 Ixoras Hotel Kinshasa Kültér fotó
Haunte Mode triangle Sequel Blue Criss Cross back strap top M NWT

---

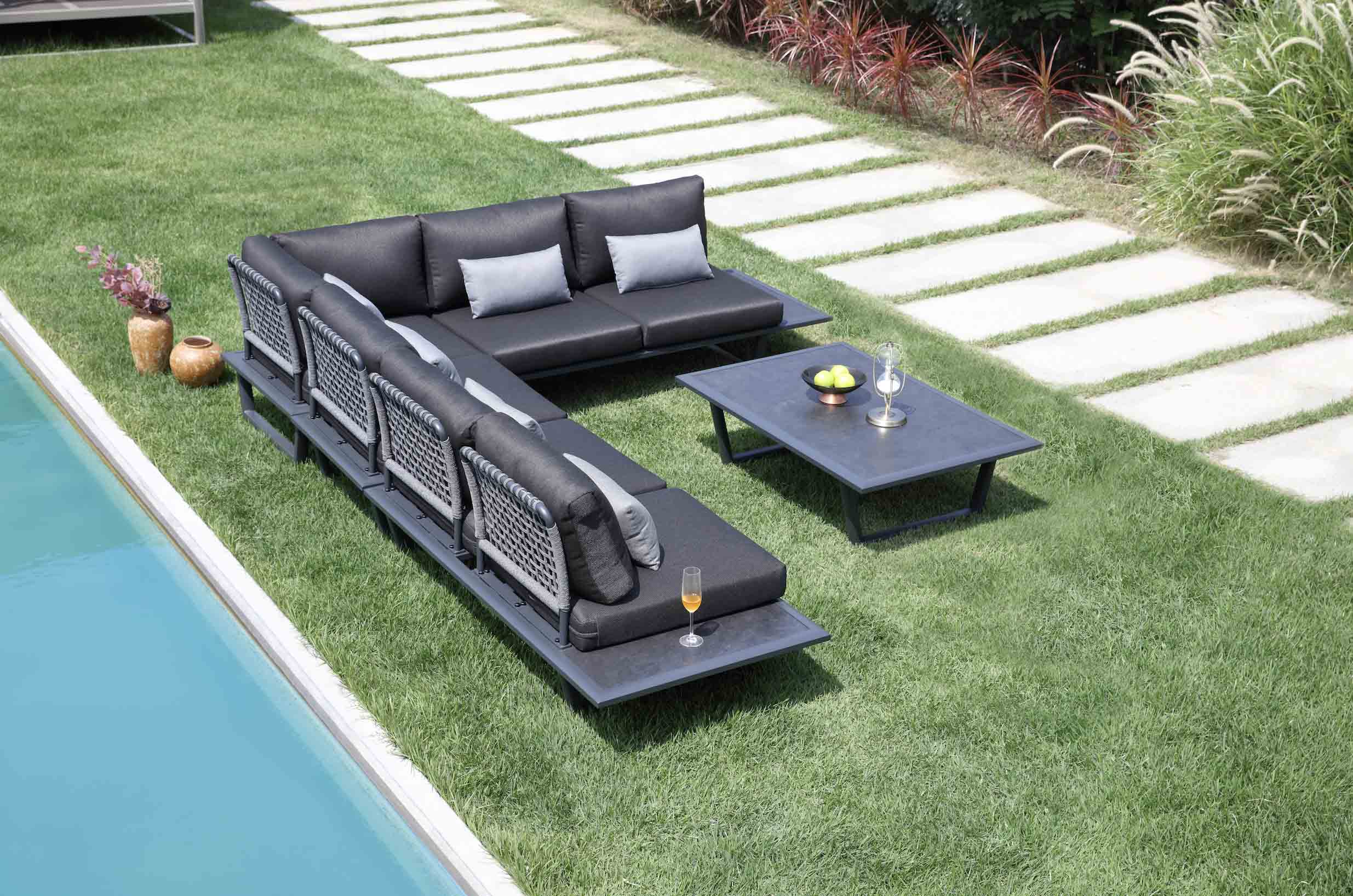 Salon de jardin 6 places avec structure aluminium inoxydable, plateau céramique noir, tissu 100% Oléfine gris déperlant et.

**REQUIRED WORK**
Look above for the line holding "Ixoras Hotel Kinshasa Kültér fotó" and the line holding "Haunte Mode triangle". Retype both, and every line between them, word for word and nothing else.

**WRITTEN REPLY**
 Ixoras Hotel Kinshasa Kültér fotó
Haunte Mode triangle Sequel Blue Criss Cross back strap top M NWT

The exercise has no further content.